Bu hafta nisan ayı ödemeler dengesi açıklanacak. 4.9 milyar dolara varacak bir cari açık bekleniyor. Üç aylık toplam ise 12 milyar dolar olmuş. Yani her aya ortalama 4 milyar dolarlık bir açık düşüyor. Nisanda bu 5 milyar dolara çıkıyor. Bundan sonra açığın 4-5 milyar dolar bandında gitmesi beklenebilir. Bu da bizi yıllık bazda 50 milyar dolarlık cari açığa doğru götürür. Hazine'den sorumlu
Devlet Bakanı Mehmet Şimşek'in bir süre önce açıkladığı rakam buydu.

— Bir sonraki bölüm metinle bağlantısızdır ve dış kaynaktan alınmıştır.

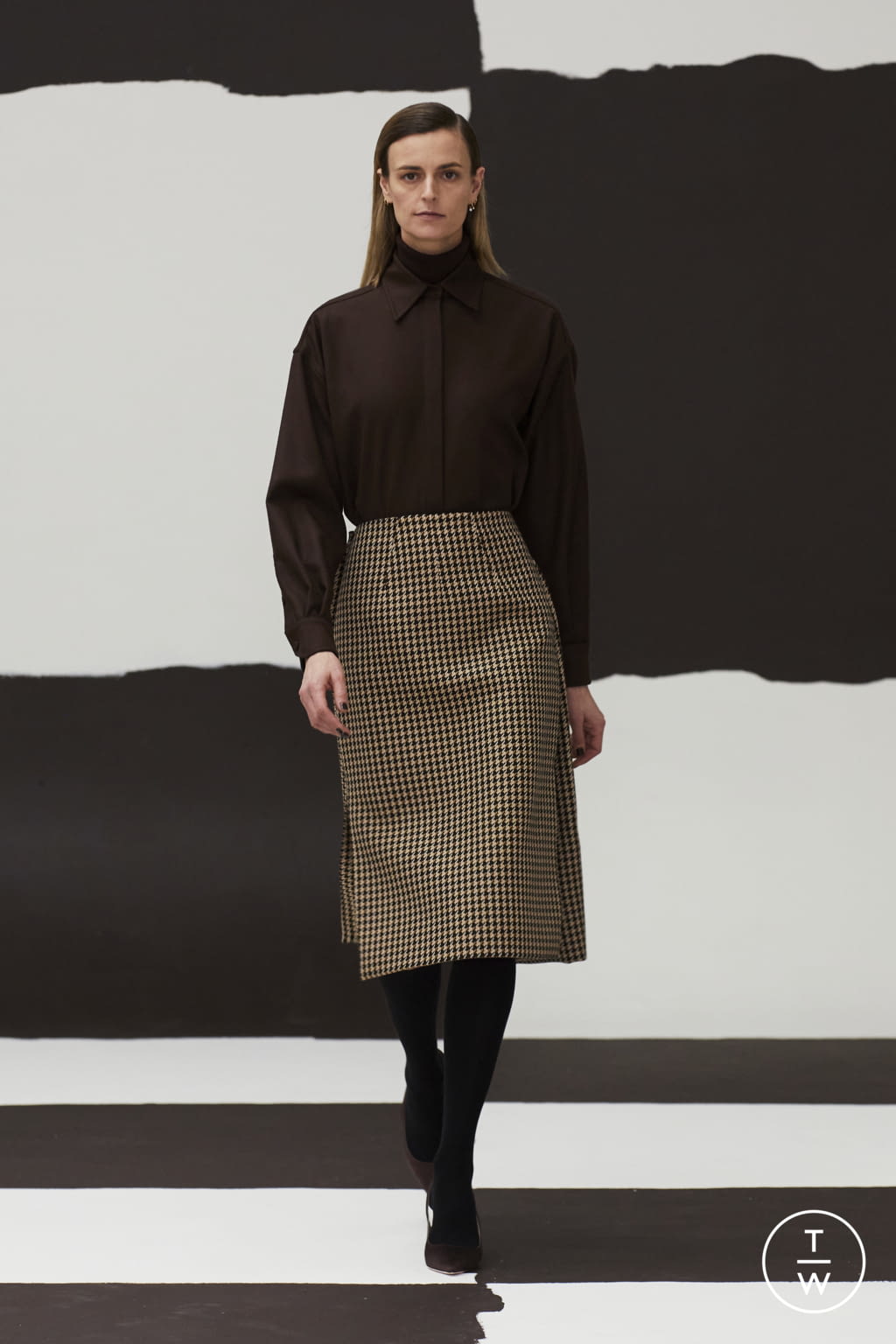 Fashion Week London Fall/Winter 2022 look 11 from the Emilia Wickstead collection womenswear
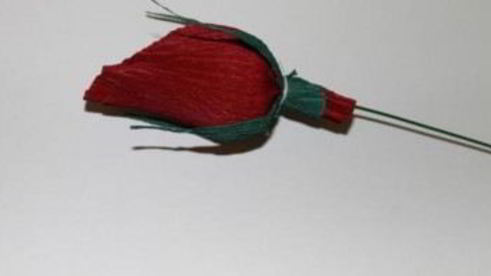 бутоны роз из конфет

Açığın beklenenden 10 milyar dolar daha yüksek çıkmasının asıl nedeni de petrol fiyatlarındaki hızlı artış. Doğalgaz fiyatları da petrole bağlı. Sonuçta petrol fiyatlarındaki artış toplamda enerji faturasını kabartıyor. Enerjide ithalata bağımlılığın bir yansıması cari açıkta ortaya çıkıyor.
-
Fatura ağır- Hazine'nin hesaplamalarına göre,
petrol fiyatlarında 10 dolarlık artış Türkiye'nin dış açığını 5.3 milyar dolar büyütüyor. Yine 10 dolarlık artışın
enflasyonu yükseltici etkisi yüzde 0.5 düzeyine varıyor. Bu sonuçlar aynı zamanda petroldeki bir günlük artışın da maliyetini gösteriyor. Petrol fiyatları 6 Haziran Cuma günü 11 dolar gibi, tarihte görülmemiş düzeyde birden yükseldi. Dünkü kâr realizasyonları ise sınırlı kaldı. Dolayısıyla
bir günlük maliyet, cari açıkta 5 milyar dolarlık ve enflasyonda yarım puanlık artış anlamına geliyor . Eğer petrol fiyatları düşmeyecekse.
-
Absorbe edildi- Şimdilik böyle bir fiyat düzeltmesi beklentisi yok. Zaten tahminler daha yüksek petrol fiyatlarına işaret ettiği için, cuma günü böylesine yüksek bir artış yaşandı. Denilebilir ki,
bir güne sığan yüzde 8.86'lık artış petrolde şimdiye kadar karşılaştığımız en büyük günlük artış. Ve de petrol fiyatlarının geldiği düzey çok ciddi sonuçlar yaratabilecek yükseklikte.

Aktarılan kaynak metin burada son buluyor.